• Recorded data
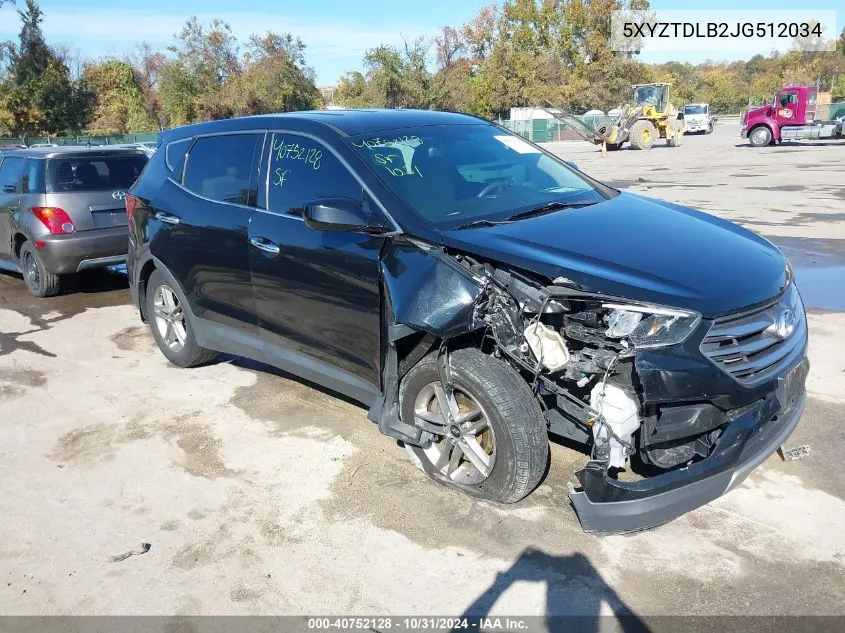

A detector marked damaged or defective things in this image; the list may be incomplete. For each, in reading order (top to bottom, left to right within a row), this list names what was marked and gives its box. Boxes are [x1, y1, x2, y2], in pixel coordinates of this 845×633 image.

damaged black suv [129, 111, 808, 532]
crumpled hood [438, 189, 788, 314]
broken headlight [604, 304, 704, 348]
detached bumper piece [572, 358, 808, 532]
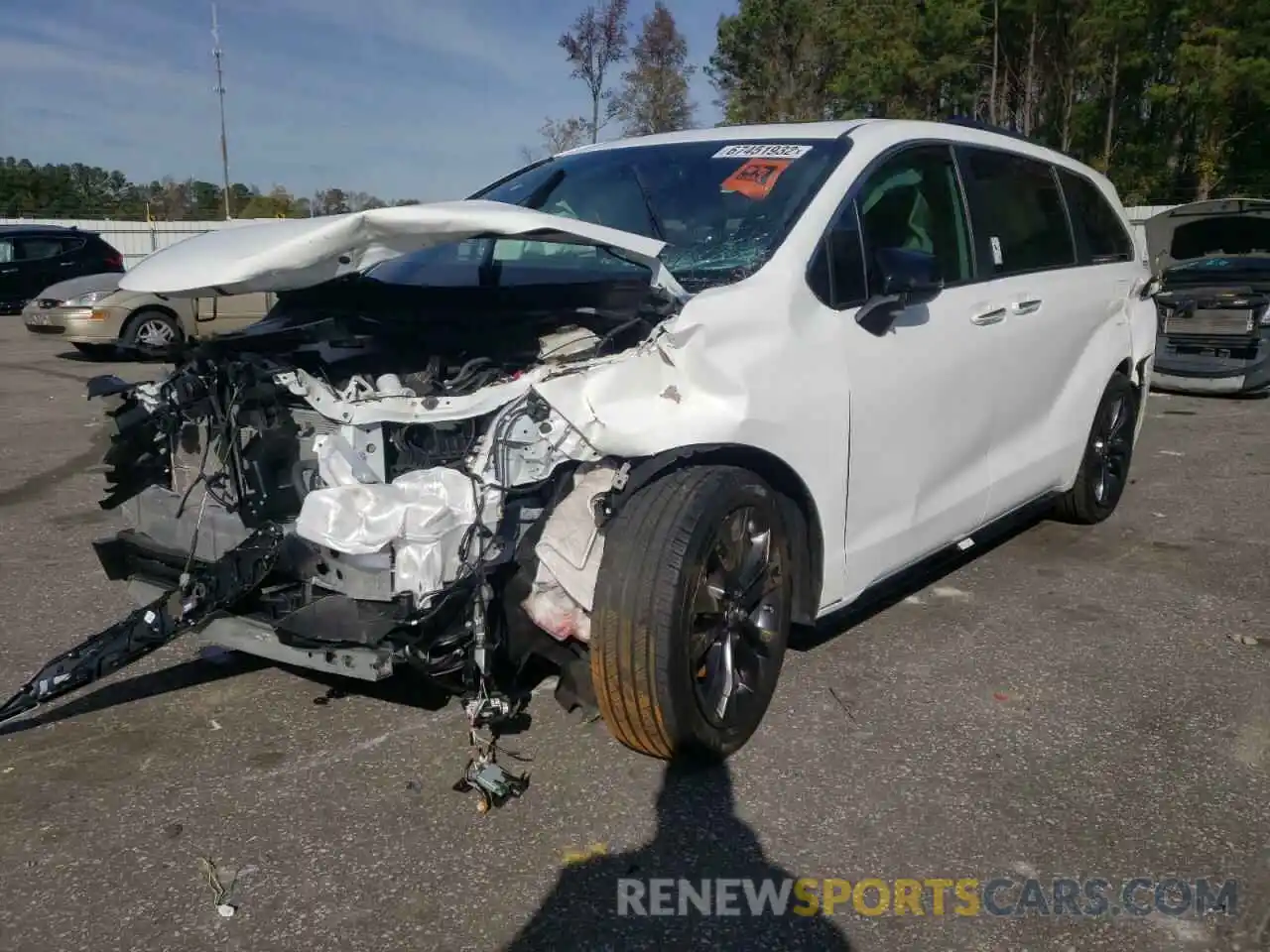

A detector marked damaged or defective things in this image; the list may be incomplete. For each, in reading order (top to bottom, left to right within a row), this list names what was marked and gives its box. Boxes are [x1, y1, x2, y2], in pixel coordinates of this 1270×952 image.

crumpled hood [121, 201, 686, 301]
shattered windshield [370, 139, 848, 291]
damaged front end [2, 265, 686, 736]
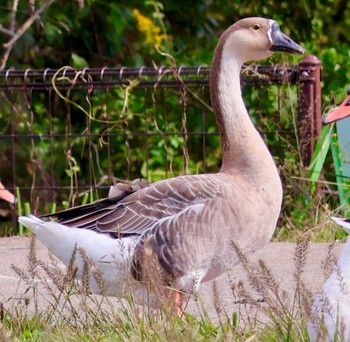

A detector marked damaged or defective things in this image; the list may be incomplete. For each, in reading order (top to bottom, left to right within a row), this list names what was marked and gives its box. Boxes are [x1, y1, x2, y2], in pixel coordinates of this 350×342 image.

• Assigned task
The reply should hold every entry above, given again exactly, but not a single picture.

• Output for this task
A detector marked damaged or defective things in this image; the list may be incomplete. For each, in reading order (top to bottom, left to right within a row), this list names what was marked and gives its box. Boxes are [x1, y1, x2, y2], in pixel coordinates of this 845×633 image.

damaged black suv [129, 111, 808, 532]
crumpled hood [438, 189, 788, 314]
broken headlight [604, 304, 704, 348]
detached bumper piece [572, 358, 808, 532]

A detector marked damaged or defective things in this image; the list may be incomplete. For each, in reading order (top to bottom, left to right within a row), this list names what was marked and gives its box. Boxes are [x1, y1, x2, y2], in pixel coordinates of this 1270×952 image.

crumpled hood [121, 201, 686, 301]
shattered windshield [370, 139, 848, 291]
damaged front end [2, 265, 686, 736]

A detector marked damaged or defective things in this image; the list may be incomplete. For each, in reading order (top to bottom, left to right within a row), this list names what was marked and gives its box. Boxes are [x1, y1, x2, y2], in pixel coordinates of this 350×342 image.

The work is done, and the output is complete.